We should not expect Gingrich to understand this until he understands that his work for Freddie Mac was not, as he laughably insists, in “the private sector.” – George Will

What George Will has done today is focus on Newt Gingrich’s “traditionalism,” which brings back former Speaker Dennis Hastert’s quote about Michele Bachmann.

“It had been a longstanding tradition in Congress to be fiscally conservative in every other district other than your own,” said John Feehery, president of QGA Communications and a top adviser to former Speaker of the House J. Dennis Hastert. “Bachmann apparently is being a traditionalist.” – Sam Stein

It’s a quote that makes my book in a section about conservatives and economic hypocrisy.

By trumpeting capitalism, using Mitt Romney’s experience at Bain Capital, Will brings to mind what David Brooks said about Donald Trump (which also makes it into my book) when he was riding high last spring.

He is riding something else: The strongest and most subversive ideology in America today. Donald Trump is the living, walking personification of the Gospel of Success.

Both Mitt Romney and Donald Trump made their money riding the bull, though in very different ways.

By contrast, Newt Gingrich has made his fortune by mining his government associations, like most former members of Congress, tapping into the “big government” money machine to enrich himself, using the very outlet conservatives are determined to “drown in the bathtub.”

Shorter Will: Newt is a opportunistic leach, sucking taxpayers dry, while utilizing their greatest enemy, “big government,” to do it.

It is not just a “capital crime,” it is the cardinal sin among conservatives.

It is also the foundation on which Mr. Gingrich’s serial hypocrisy is built.

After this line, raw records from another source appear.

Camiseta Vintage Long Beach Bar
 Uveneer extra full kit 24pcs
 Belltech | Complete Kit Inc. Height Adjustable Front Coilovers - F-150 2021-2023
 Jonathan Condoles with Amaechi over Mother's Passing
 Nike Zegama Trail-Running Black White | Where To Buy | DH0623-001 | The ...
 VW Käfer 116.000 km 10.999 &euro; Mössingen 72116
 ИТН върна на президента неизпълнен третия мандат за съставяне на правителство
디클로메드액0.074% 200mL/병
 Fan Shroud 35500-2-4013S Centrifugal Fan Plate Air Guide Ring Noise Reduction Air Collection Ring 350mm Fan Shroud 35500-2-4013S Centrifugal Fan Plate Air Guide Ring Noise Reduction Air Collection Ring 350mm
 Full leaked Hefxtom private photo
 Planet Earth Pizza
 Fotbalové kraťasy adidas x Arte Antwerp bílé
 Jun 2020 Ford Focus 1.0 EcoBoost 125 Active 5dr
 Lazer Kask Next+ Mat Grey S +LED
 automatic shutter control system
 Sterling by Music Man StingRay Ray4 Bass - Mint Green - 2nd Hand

It is decidedly un-conservative, as well as being inconsistent, something Michele Bachmann still has not had to face, because she’s not a leading contender.

Andrew Sullivan, takes issue with George Will and his defense of Romney’s Bain Capital photo.

And what Romney is revealing in that photo is pure worship and celebration of money and wealth – and the joys of rubbing it in the face of others.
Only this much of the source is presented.